The Life of John Marshall (Volume 2 of 4). Beveridge Albert Jeremiah
Collection of taxes, foreign and interstate trade, were, admittedly, such ends. The National power to "regulate" these is "sovereign"; and therefore "to employ all the means which will relate to their regulation to the best and greatest advantage" is permissible.
"This general principle is inherent in the very definition of government," declared he, "and essential to every step of the progress to be made by that of the United States, namely: That every power vested in a government is in its nature sovereign and included by force of the term, a right to employ all the means requisite and fairly applicable to the attainment of the ends of such power, and which are not precluded by restrictions and exceptions specified in the Constitution or not immoral, or not contrary to the essential ends of political society…

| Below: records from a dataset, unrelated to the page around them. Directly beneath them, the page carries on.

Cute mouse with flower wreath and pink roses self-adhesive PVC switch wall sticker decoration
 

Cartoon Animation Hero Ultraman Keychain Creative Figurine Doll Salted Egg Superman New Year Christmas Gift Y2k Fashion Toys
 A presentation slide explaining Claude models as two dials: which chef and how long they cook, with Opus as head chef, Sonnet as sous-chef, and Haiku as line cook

"The powers of the Federal Government, as to its objects are sovereign"; the National Constitution, National laws, and treaties are expressly declared to be "the supreme law of the land." And he added, sarcastically: "The power which can create the supreme law of the land in any case is doubtless sovereign as to such case." But, said Hamilton, "it is unquestionably incident to sovereign power to erect corporations, and consequently to that of the United States, in relation to the objects intrusted to the management of the government."

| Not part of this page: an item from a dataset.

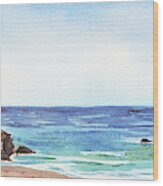 Seashore Ocean Beach Watercolor Seascape Elongated Spiral Notebook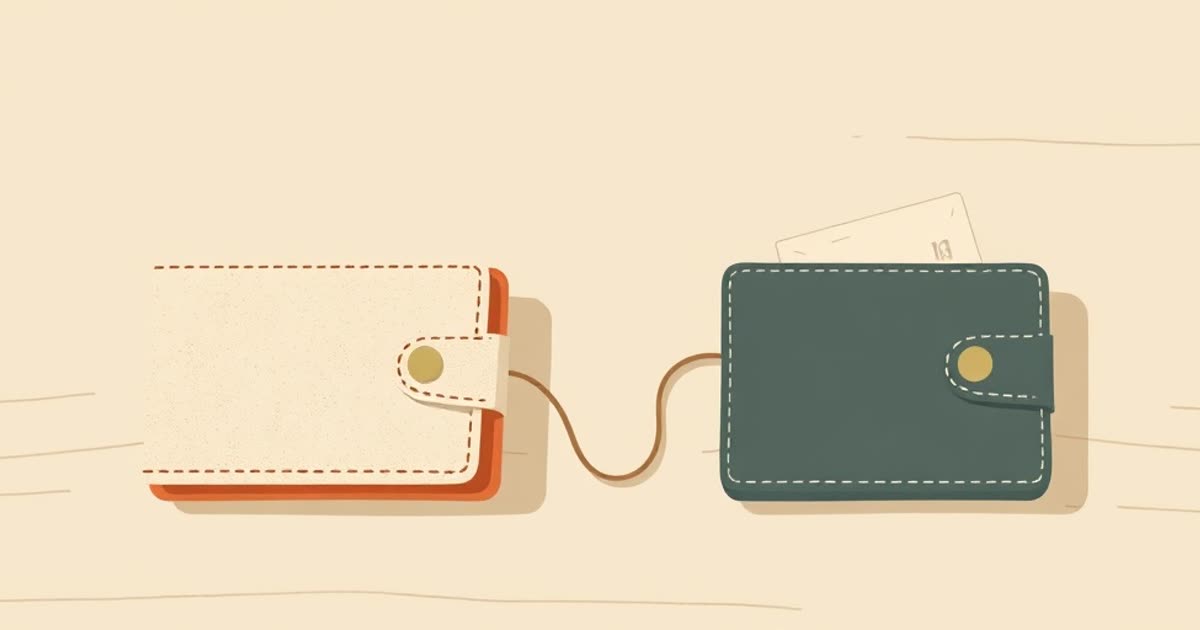 Two separate wallets of different colours on a table, both connected by a thin string to one shared folder.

And, finally: "The powers contained in a constitution of government … ought to be construed liberally in advancement of the public good… The means by which natural exigencies are to be provided for, national inconveniences obviated, national prosperity promoted are of such infinite variety, extent, and complexity, that there must of necessity be great latitude of discretion in the selection and application of those means."190
So were stated the opposing principles of liberal and narrow interpretation of the Constitution, about which were gathering those political parties that, says Marshall, "in their long and dubious conflict … have shaken the United States to their centre."191 The latter of these parties, under the name "Republican," was then being shaped into a compact organization. Its strength was increasing. The object of Republican attack was the National Government; that of Republican praise and affection was the sovereignty of the States.
"The hatred of the Jacobites towards the house of Hanover was never more deadly than that … borne by many of the partisans of State power towards the government of the United States," testifies Ames.192 In the Republican view the basis of the two parties was faith as against disbelief in the ability of the people to govern themselves; the former favored the moneyed interests, the latter appealed to the masses.193 Such was the popular doctrine preached by the opponents of the National Government; but all economic objections centered in a common assault on Nationalism.

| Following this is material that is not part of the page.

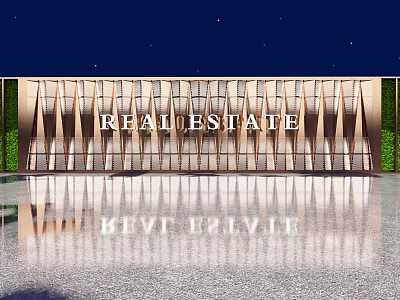 Elegant Real Estate Fence In Night Scene With Reflective Ground And Lush Greenery 3d model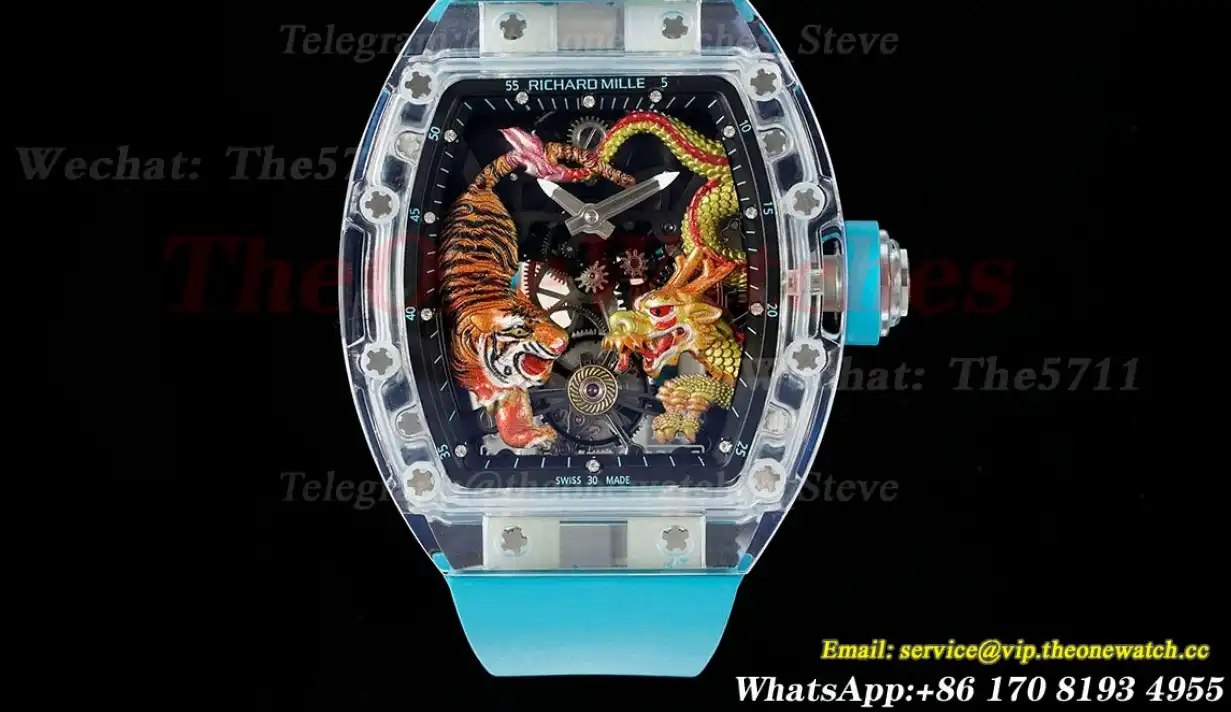 RM51 Tiger Dragon Dial on Blue Rubber Strap RMF Tourb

Thus a clear dividing line was drawn separating the people into two great political divisions; and political parties, in the present-day sense of definite organizations upon fundamental and popularly recognized principles, began to emerge. Henceforth the terms "Federalist" and "Republican" mean opposing party groups, the one standing for the National and the other for the provincial idea. The various issues that arose were referred to the one or the other of these hostile conceptions of government.
In this rise of political parties the philosophy of the Constitution was negatived; for our fundamental law, unlike those of other modern democracies, was built on the non-party theory and did not contemplate party government. Its architects did not foresee parties. Indeed, for several years after the Constitution was adopted, the term "party" was used as an expression of reproach. The correspondence of the period teems with illustrations of this important fact.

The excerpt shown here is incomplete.